Bir an hareketsiz durup etrafınızdaki görsel güzelliği fark etmeniz gerektiği hakkında bir film.

Bazen yaşlı hissediyorum.

Cennet Günleri, neredeyse mükemmel bir filmdir. Peki neden neredeyse mükemmel? Neden mükemmel değil? Terrence Malick'in bilinçli olarak mükemmelliğe meydan okuduğunu iddia ediyorum.

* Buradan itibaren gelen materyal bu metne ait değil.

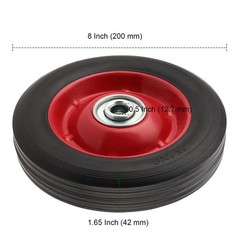 PINGEUI 4 PCS 8 Inch Solid Rubber Tire, Flat Free 8 inches, black, red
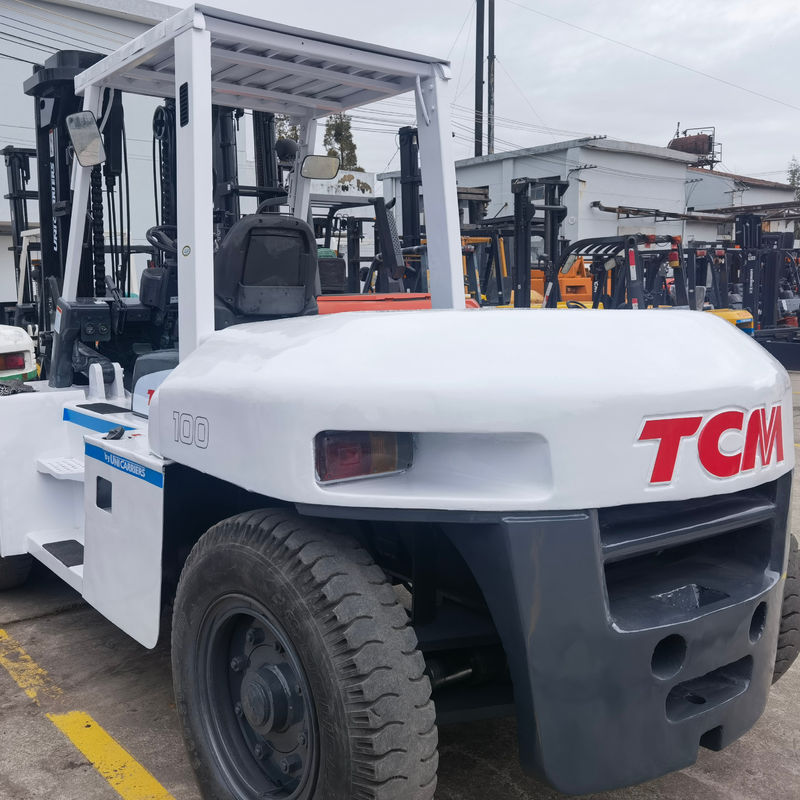 Потребление 10 тонн TCM FD100Z 2-й этап 4 метров Использованный вилочный погрузчик для ремонтных машин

Filmin asıl odak noktası, yeryüzündeki mükemmelliğe sahip cennetin paylaşılamaması ve hırstan kaynaklanan trajik kusurlar.

Cennet Günleri, en çok gösterişli Teksas manzaraları ve Enni Marricone'in büyüleyici film müziğiyle hafızalara kazınmıştır. Film 1916'da başlar ve patronuyla yaşadığı ciddi bir tartışmanın ardından kız arkadaşı Abby ve -aynı zamanda filmin anlatıcısı olan- 12 yaşındaki kız kardeşi Linda ile Teksas'a kaçan Chicagolu çelik işçisi Bill'in hikayesini anlatır.

Tarlalarda uzun saatler boyunca çalışırlar; daha sonra yoksulluktan kurtulmaları için ani bir çözüm belirir. Bill, Abby'i görünüşe bakılırsa bir yıllık ömrü kalmış olan çiftçiyle evlenmeye teşvik eder. Fakat ihtiyar çiftçi yaşamaya devam eder ve hikaye bir kıskançlık ve İncil'dekini andıran felaketler trajedisine dönüşür.